Today the UDNSLIY group took a culture trip to the nearby city of Quanzhou. Although present-day Quanzhou is a relatively small city (by Chinese standards, anyway), it has great historical significance – it was once a prosperous port city at the start of the ancient Maritime Silk Road. The city maintained its prosperity and avoided war for nearly 1000 years by paying off potential invaders, a stint ended only by the military commander Zheng Chenggong of the Ming Dynasty (1368-1644), whose troops retreated south from Nanjing, bringing war with them. But because of Quanzhou’s centuries of being a hub for international trade, it was also a hub of cultural exchange. Western merchants brought a wide variety of religions and languages to Quanzhou as early as the Tang Dynasty (618-907) and many even settled down in the city, married local people, and started families, creating an ethnic group unique to the Quanzhou area, turning it into one of the earliest “globalization” cases! As student Kelby Kramer remarked, “In Quanzhou Christianity, Islam, Buddhism, and Taoism inhabited the same space for 10 centuries with little or no conflict. In this sense, Quanzhou was truly ahead of its time, as there is still no other city that can rival the religious tolerance exemplified by this ancient shipping port.”

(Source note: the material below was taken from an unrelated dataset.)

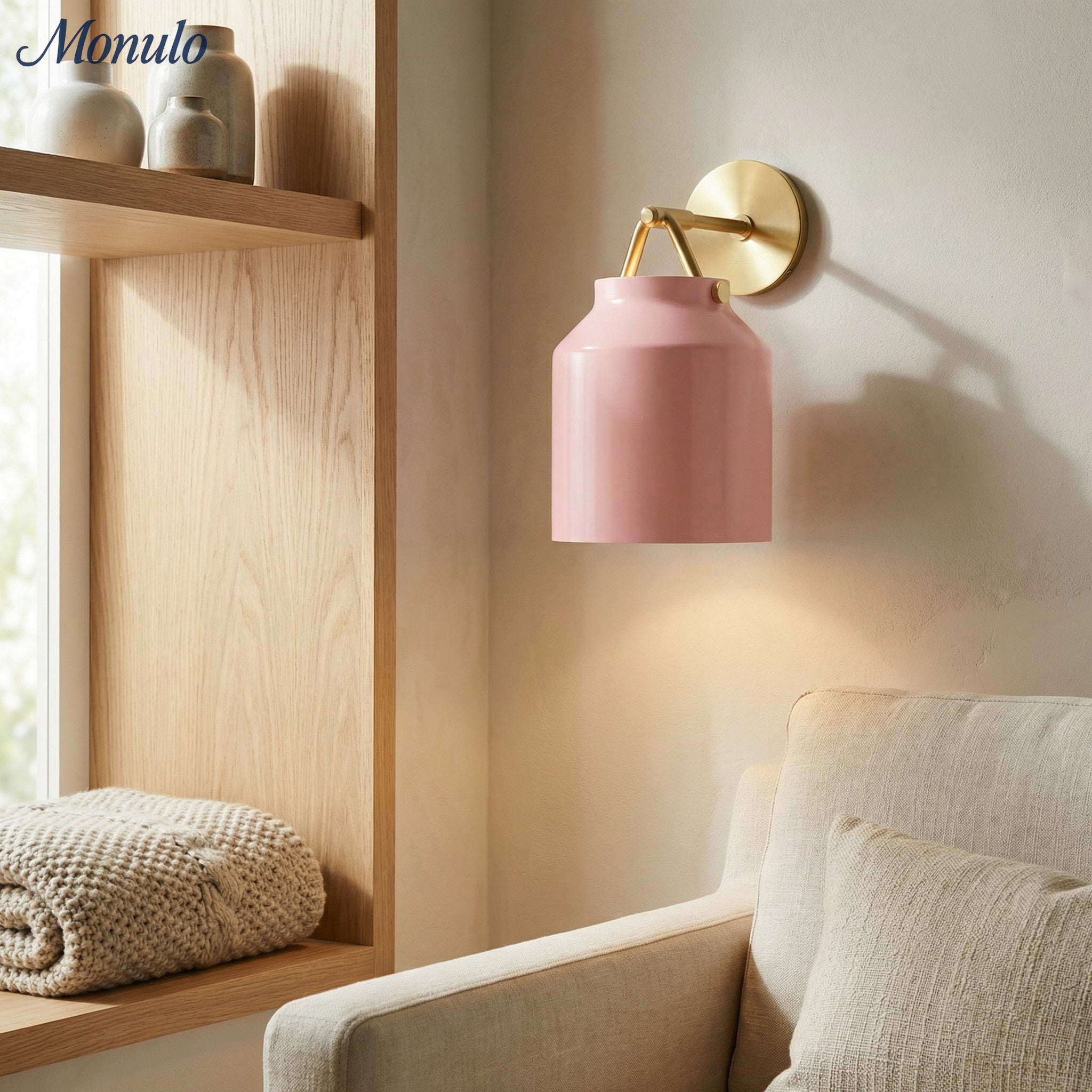 Hanton Minimalistische Wandleuchte – Vintage Milchglas-Wandleuchte mit Metallakzent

Student Camille with a group of African visitors in Quanzhou
Carrie and Samara inside an ancient Mosque in Quanzhou
Carrie and Jessica inside an ancient Mosque in Quanzhou
Our first stop in Quanzhou was the Quanzhou Maritime Museum. At this museum, students had the opportunity to explore various aspects of China’s maritime history, as well as many of the effects of the Maritime Silk Road on Quanzhou specifically. Exhibitions included tombstones and parts of temples that evidenced the many religions that came to Quanzhou; boats and other artifacts from China’s seafaring and river-boating history; porcelain; and artifacts regarding the Islamic culture in Quanzhou. Everyone had an excellent time exploring all that the museum had to offer! Unfortunately, there wasn’t enough time for us all to see everything, but at least that gives us a good excuse to go back!
Next, after a big, family-style lunch, we visited the Qingjing Mosque, the oldest Arab-style mosque in China, dating back to the Song Dynasty (960-1279). We also went to two Buddhist temples: the Tonghuai Guanyue Temple and the Kaiyuan Temple. The Guanyue Temple is closely associated with Guan Yu, a character from the Chinese classic novel Romance of the Three Kingdoms, while the Kaiyuan Temple is the largest in Fujian Province. Each of these locations offered the students something beautiful to see and something interesting to learn. By the end of the day, the whole group felt tired but fulfilled.